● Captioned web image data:
━━━━

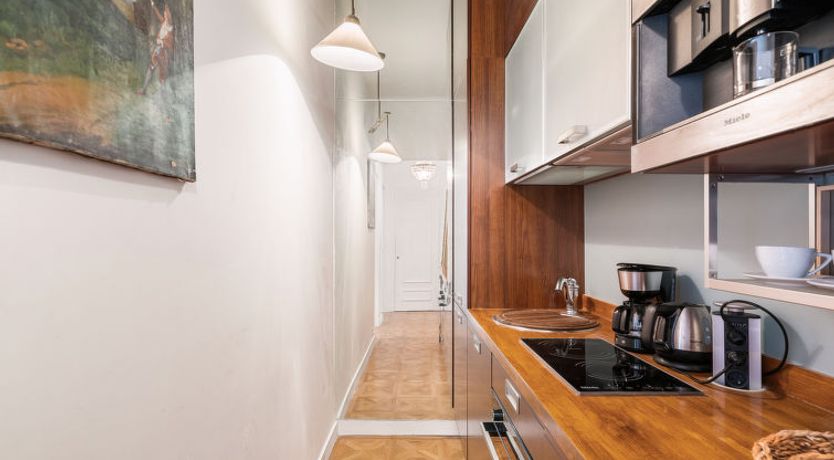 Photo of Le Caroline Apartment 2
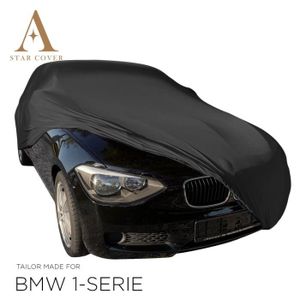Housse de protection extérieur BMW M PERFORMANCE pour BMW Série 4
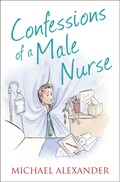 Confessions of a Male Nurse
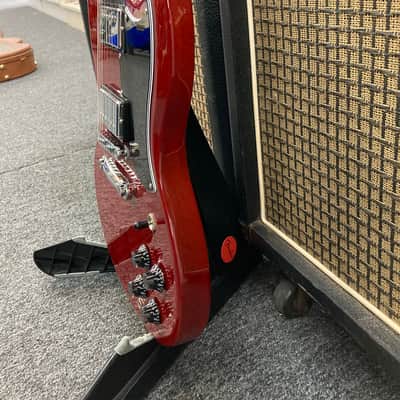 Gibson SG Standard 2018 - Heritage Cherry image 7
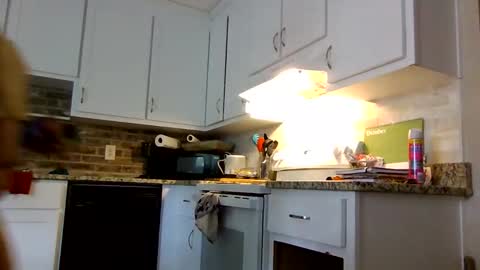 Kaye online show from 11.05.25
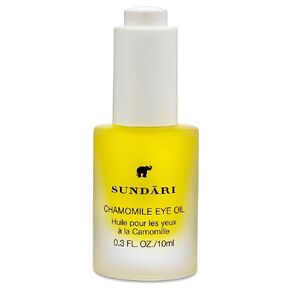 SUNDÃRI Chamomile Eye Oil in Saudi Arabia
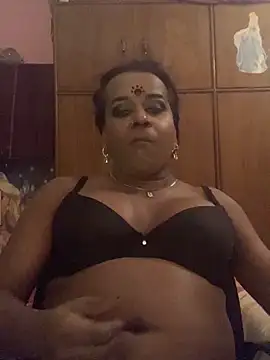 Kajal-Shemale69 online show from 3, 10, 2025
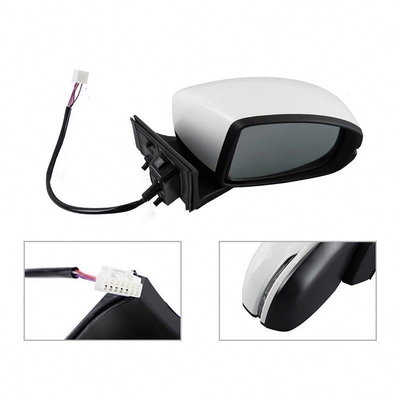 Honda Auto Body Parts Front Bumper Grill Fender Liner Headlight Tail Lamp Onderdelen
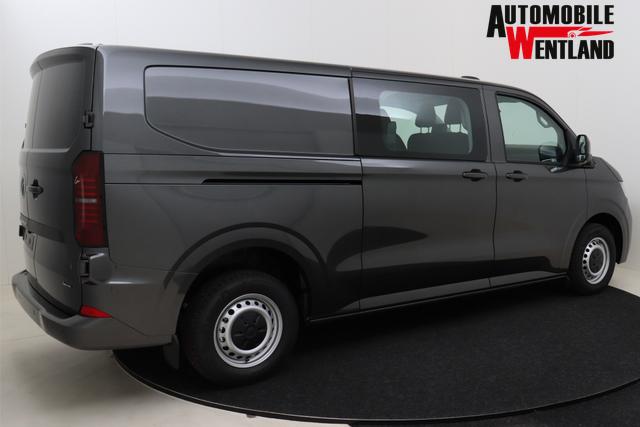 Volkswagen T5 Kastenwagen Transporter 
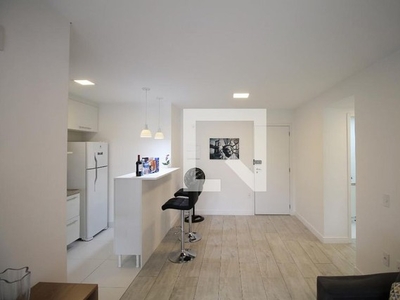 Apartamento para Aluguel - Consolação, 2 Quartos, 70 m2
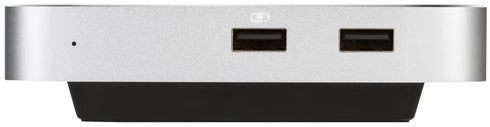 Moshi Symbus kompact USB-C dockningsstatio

━━━━

● TASK TO COMPLETE: Make an exact copy of the records above. Keep out every picture.

● RESPONSE TO THIS EXERCISE:
 Photo of Le Caroline Apartment 2
Housse de protection extérieur BMW M PERFORMANCE pour BMW Série 4
 Confessions of a Male Nurse
 Gibson SG Standard 2018 - Heritage Cherry image 7
 Kaye online show from 11.05.25
 SUNDÃRI Chamomile Eye Oil in Saudi Arabia
 Kajal-Shemale69 online show from 3, 10, 2025
 Honda Auto Body Parts Front Bumper Grill Fender Liner Headlight Tail Lamp Onderdelen
 Volkswagen T5 Kastenwagen Transporter 
 Apartamento para Aluguel - Consolação, 2 Quartos, 70 m2
 Moshi Symbus kompact USB-C dockningsstatio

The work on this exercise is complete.